### DATA SEGMENT
....

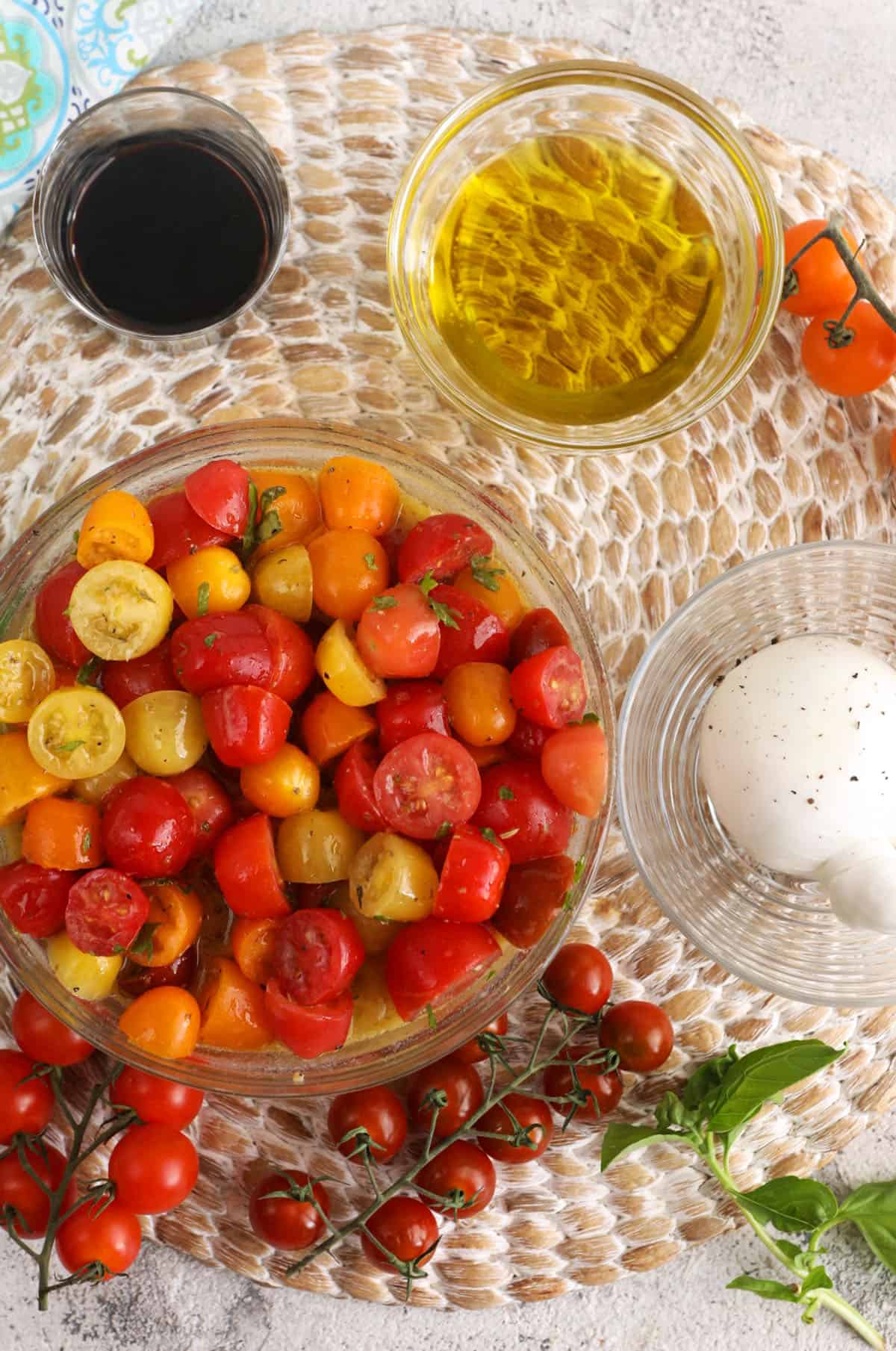 Overhead view of ingredients for burrata caprese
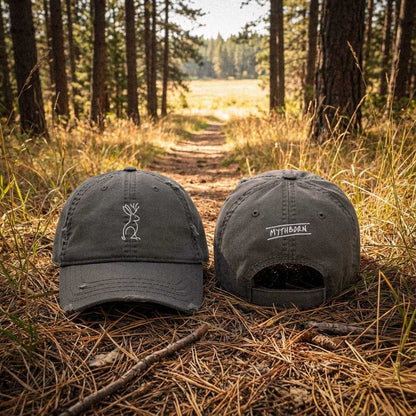 Front and back views of a dark charcoal grey distressed dad hat resting on a pine forest trail. The front features a minimalist white line-art embroidery of a jackalope, and the back features the white embroidered text "MYTHBORN".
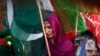Pakistani supporter of former cricket star-turned-politician, Imran Khan, takes part in rally, Islamabad, May 9, 2013.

....

### WORK TO BE COMPLETED
The full listing must come back exactly as written, with its pictures left out.

### RESULT FOR THIS EXERCISE
 Overhead view of ingredients for burrata caprese
 Front and back views of a dark charcoal grey distressed dad hat resting on a pine forest trail. The front features a minimalist white line-art embroidery of a jackalope, and the back features the white embroidered text "MYTHBORN".
Pakistani supporter of former cricket star-turned-politician, Imran Khan, takes part in rally, Islamabad, May 9, 2013.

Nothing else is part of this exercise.